Lot 17
  • 17

John Roddam Spencer Stanhope

150,000 - 200,000 GBP
bidding is closed


  • John Roddam Spencer Stanhope
  • Pine Woods at Viareggio
  • titled and signed on the backboard; The Pine Woods/ of Viareggio/ R Spencer Stanhope
  • oil on canvas


Joseph Dixon by 1909;
Christie's, London, 18 March 1911, lot 34;
A.B. Clifton;
Christie's, London, 6 July 1925, lot 48, bought by Mrs A.M. Stirling, the artist's sister;
The de Morgan Foundation, London, by whom sold Christie's, London, 28 November 2001, lot 5, where purchased by the present owner


London, Grosvenor Gallery, 1888, no.225;
London, Leighton House, Stanhope Exhibition, 1903, no.4;
Royal Birmingham Society of Artists, Special Collection of Works by the Late R. Spencer Stanhope, Autumn 1909, no.54, as Gathering Cones in the Wood of Viareggio


Athenaeum, no.3160, 19 May 1888, p.638;
Athenaeum, no.3945, 6 June 1903, p.729

Catalogue Note

Stanhope had a long relationship with Italy. He first visited in 1853 with his then teacher G.F. Watts, and over the next twenty years he frequently spent the winter in Italy due to chronic ill-health. In 1873, he bought a house just outside Florence called Villa Nuti where he moved permanently in 1880. The present picture depicts three local girls collecting cones and branches in the pine forests of Viareggio in Tuscany. The area is still known today for its peaceful forests, and Stanhope conjures before the viewer the very image of the sparsely arranged trees and its dense canopy.

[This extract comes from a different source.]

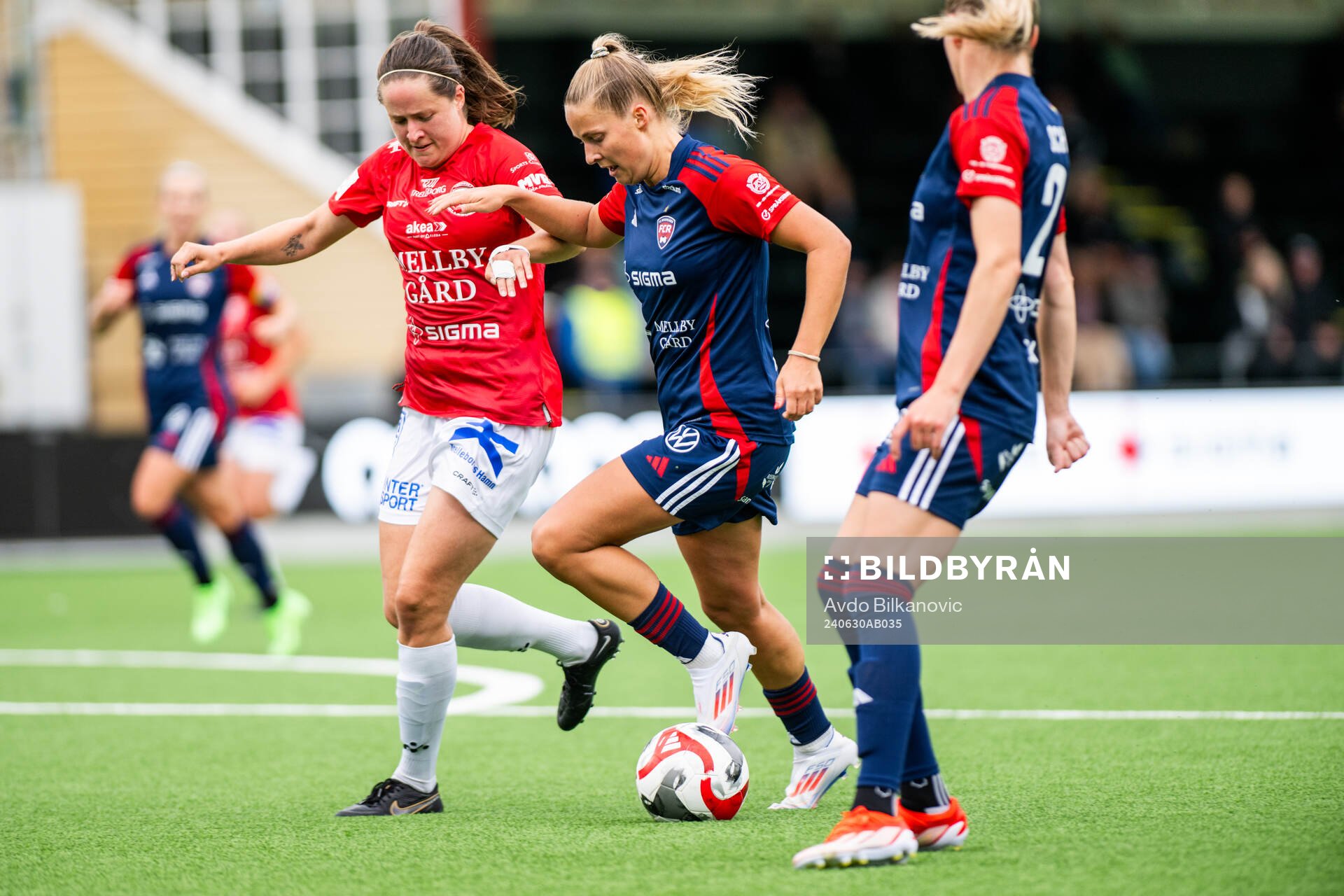 FC Rosengårds Olivia Holdt och Trelleborgs Thea Birgerud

Stanhope has rendered the foliage on the forest floor with an acute level of realism: the tufts of dry grass, weeds, branches, and the spiked surface of the pine cones are all juxtaposed with the soft vulnerability of the girls’ bare feet.

Stanhope was a second generation Pre-Raphaelite, drawing inspiration particularly from Edward Burne-Jones, who, though two years Stanhope’s junior, proved to be the biggest influence on his work. The admiration was mutual, Burne-Jones writing that, “[Stanhope’s] colour is beyond anything the finest in Europe” (Burne-Jones quoted in John Christian ed., The Last Romantics, 1989, p.79); indeed, the reds, pinks and blues of the girls’ costumes assimilate seamlessly into the earthy palette of the forest whilst maintaining their richness. Having met Rossetti and Burne-Jones in 1857 he was among the painters chosen to help the artists paint the Debating Chamber at the Oxford Union. His favoured venues to exhibit his work were the Grosvenor Gallery, and the New Galleries, which were both known for their support of the Pre-Raphaelites. Although he did also display at the Royal Academy, these galleries were favoured by the artist because of their more unconventional leaning. Unlike many other Pre-Raphaelites, however, Stanhope did not need to paint for his living, having come from an aristocratic background.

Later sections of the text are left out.